| Activity |
Only the lines below from the one containing "Nash Make It Happen Carp Logo Black Hoody" through the one containing "Minnie Mouse Table Lamp | Walmart Canada" belong in the answer, repeated exactly and without pictures.

| Input for this task |
● ● ● ●
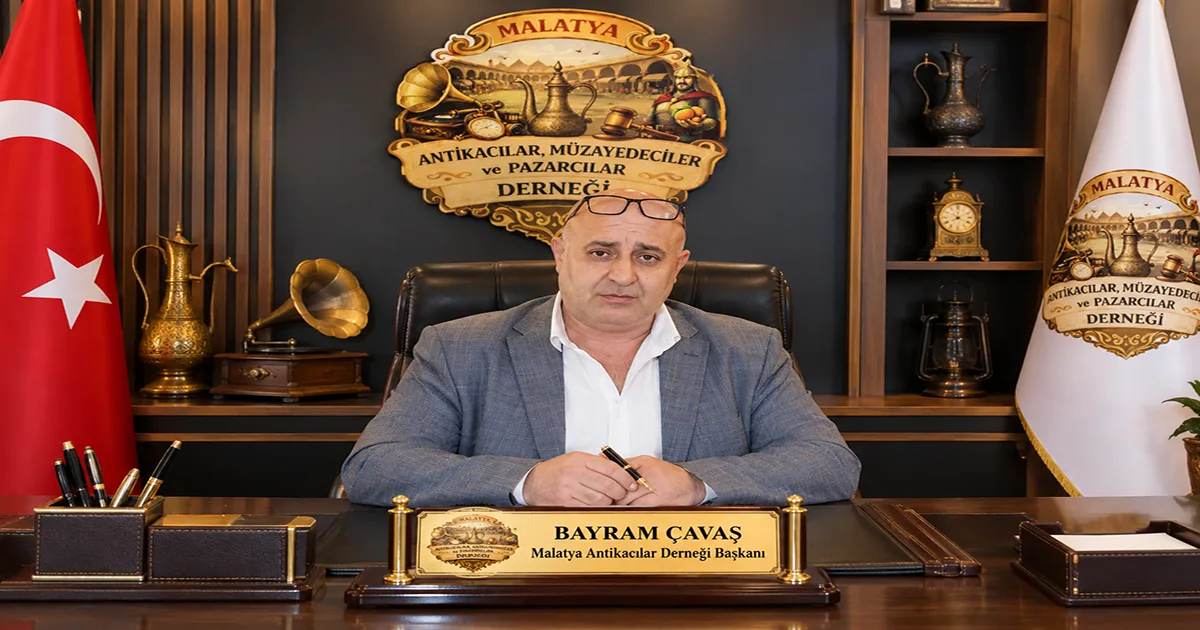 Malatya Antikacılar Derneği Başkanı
● ● ● ●
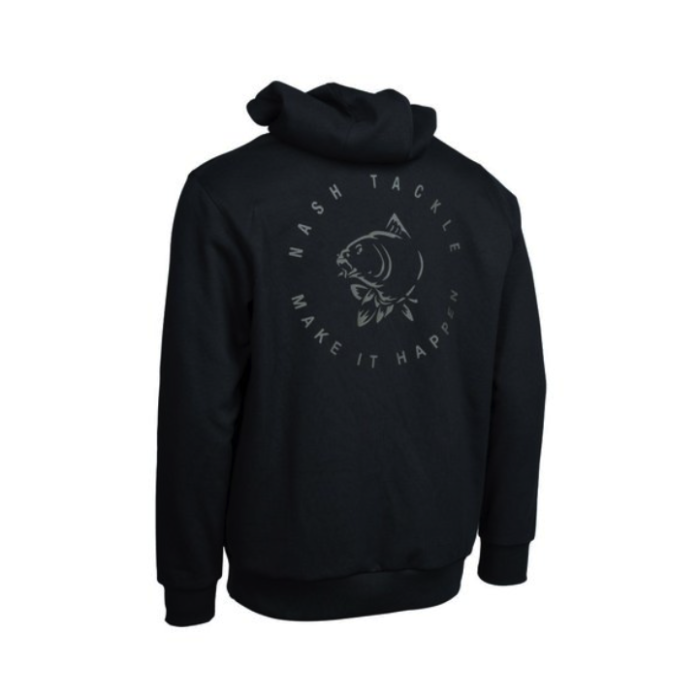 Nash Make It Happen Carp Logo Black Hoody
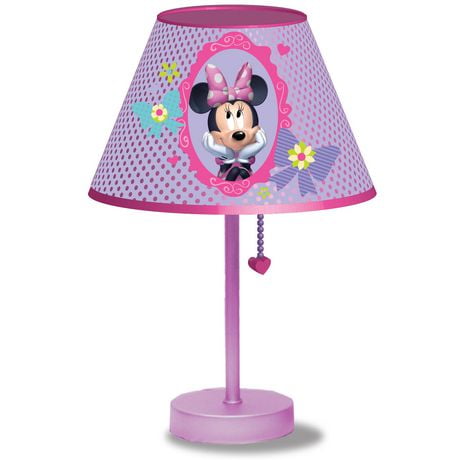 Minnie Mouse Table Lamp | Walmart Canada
● ● ● ●
| Solved problem |
 Nash Make It Happen Carp Logo Black Hoody
 Minnie Mouse Table Lamp | Walmart Canada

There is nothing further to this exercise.